■ What is being asked ■
All the records that follow need to be reproduced exactly. Omit the images.
=== Section Start ===
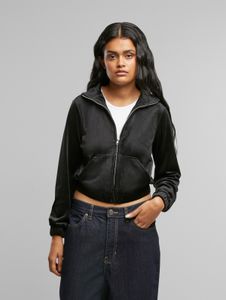 Giacca da donna Modern Urban Classics elasticizzata con zip e polsini a coste, colore nero.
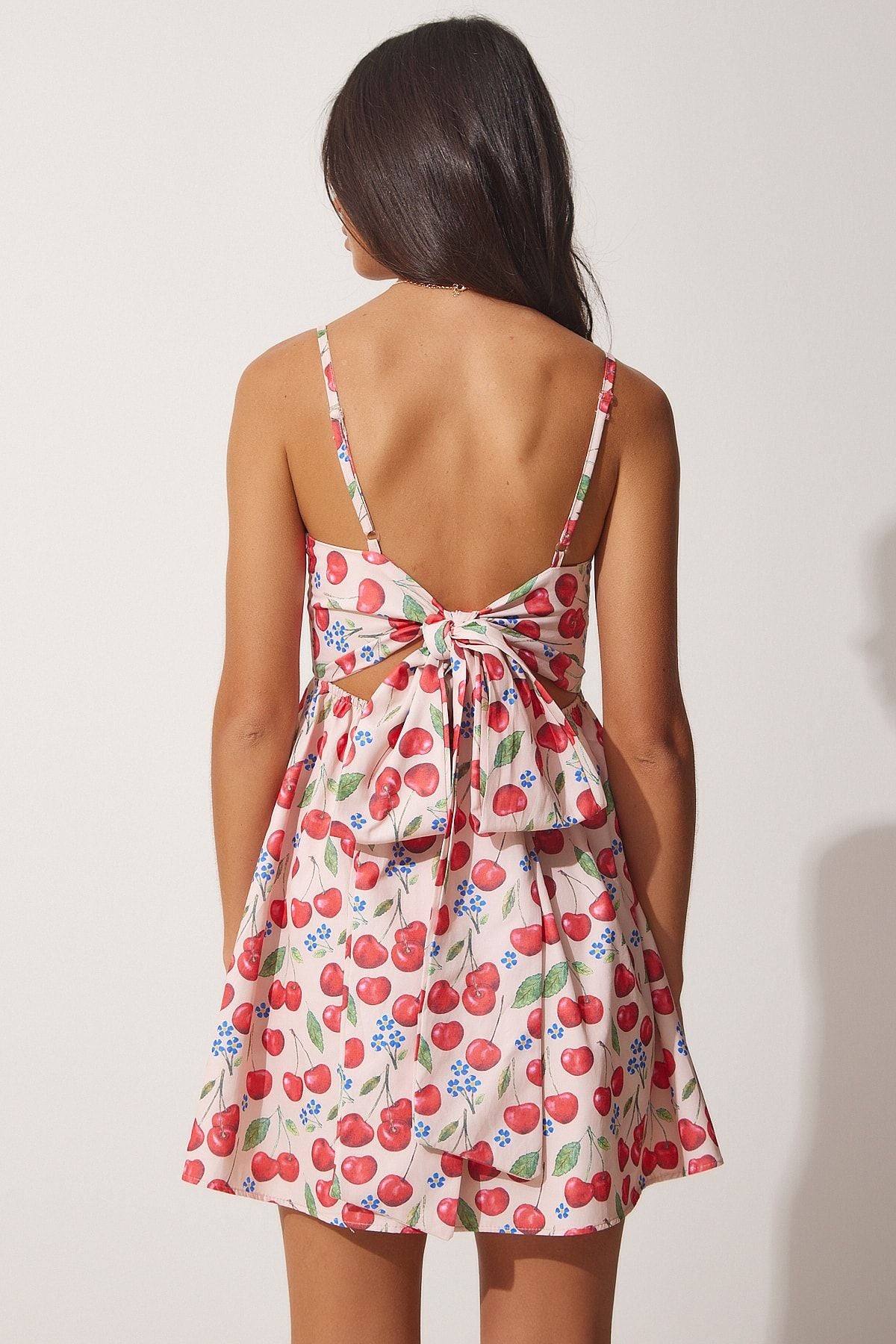 Woman Red Cream Bow Flowering Princess Dress FN03052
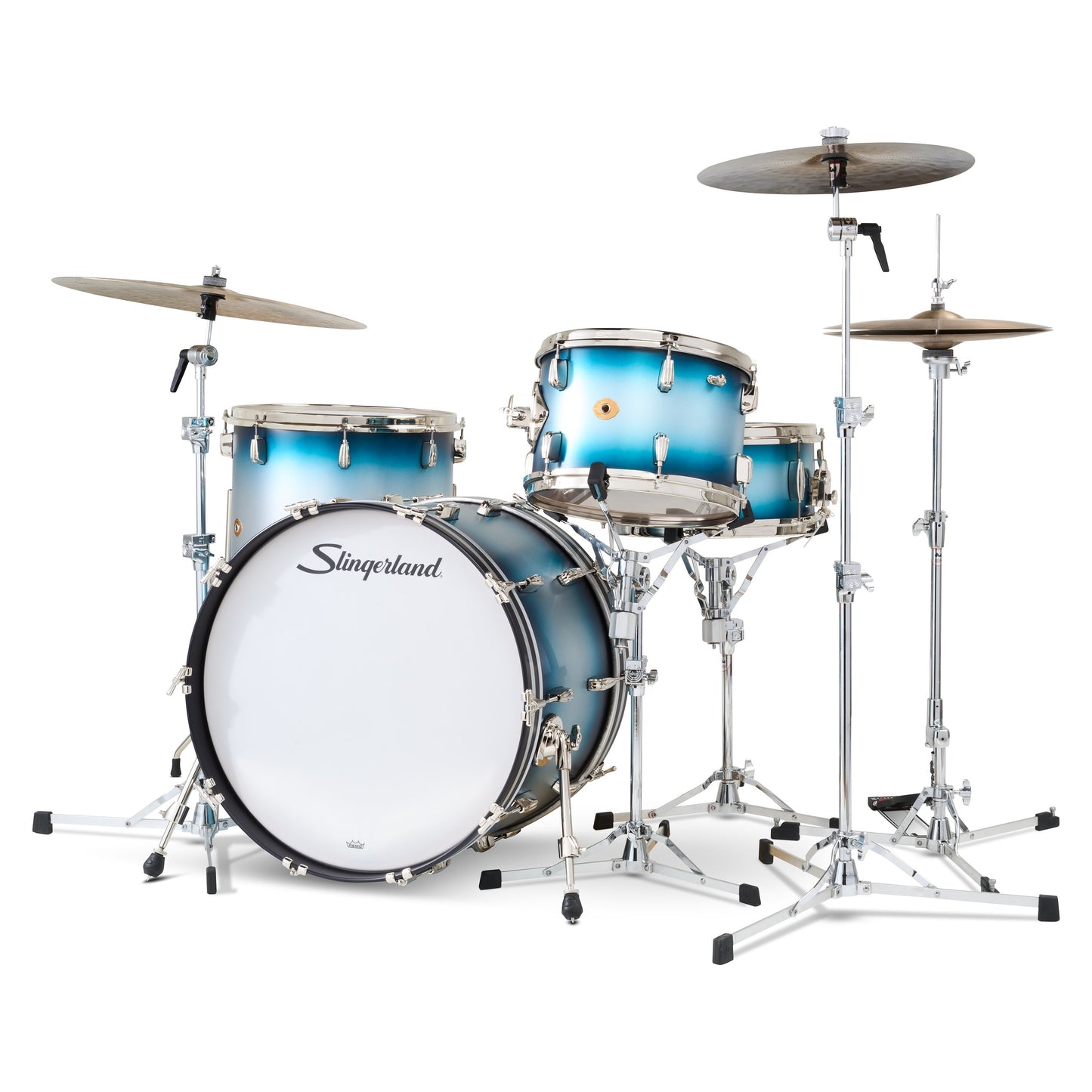 Slingerland Radio King 3-Ply Mahogany/Poplar Drum Set Silver & Blue Lacquer 22/13/16 w/ 6.5x14 Snare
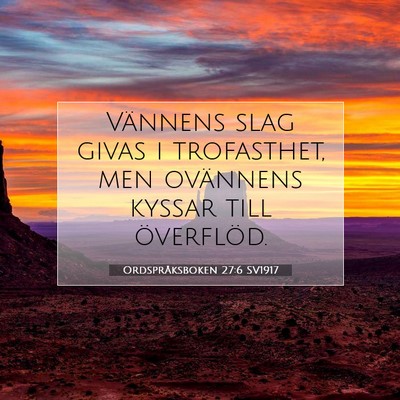 Picture 07 - Ordspråksboken 27:6 SV1917 - Vännens slag givas i trofasthet, men ovännens - Bible Verse Picture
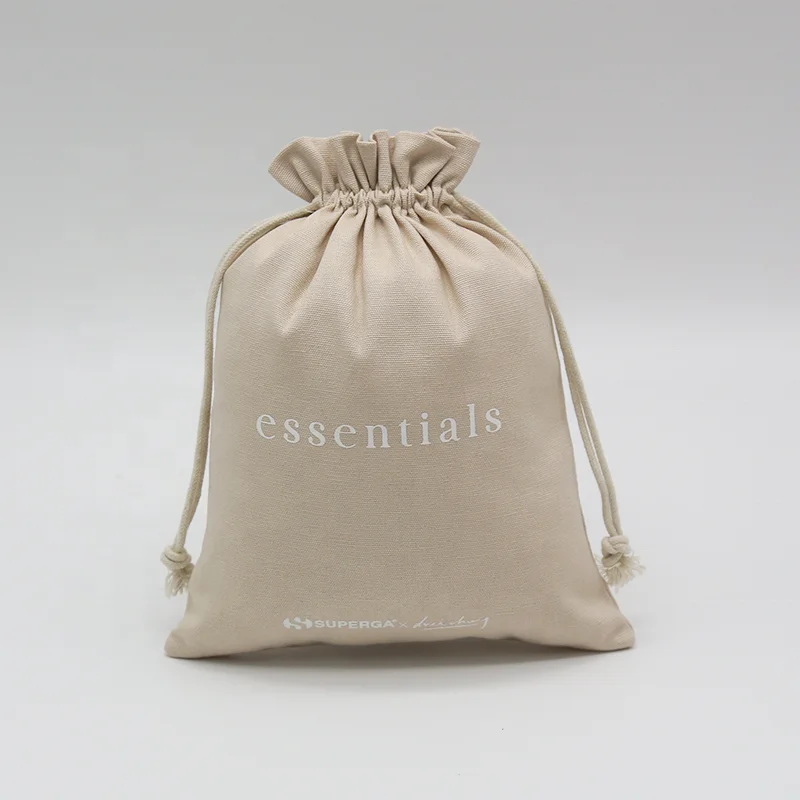 Canvas Bag Custom Logo Eco Friendly Plain Promote Drawstring For Packaging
=== Section End ===
■ Response to this exercise ■
 Giacca da donna Modern Urban Classics elasticizzata con zip e polsini a coste, colore nero.
 Woman Red Cream Bow Flowering Princess Dress FN03052
 Slingerland Radio King 3-Ply Mahogany/Poplar Drum Set Silver & Blue Lacquer 22/13/16 w/ 6.5x14 Snare
 Picture 07 - Ordspråksboken 27:6 SV1917 - Vännens slag givas i trofasthet, men ovännens - Bible Verse Picture
 Canvas Bag Custom Logo Eco Friendly Plain Promote Drawstring For Packaging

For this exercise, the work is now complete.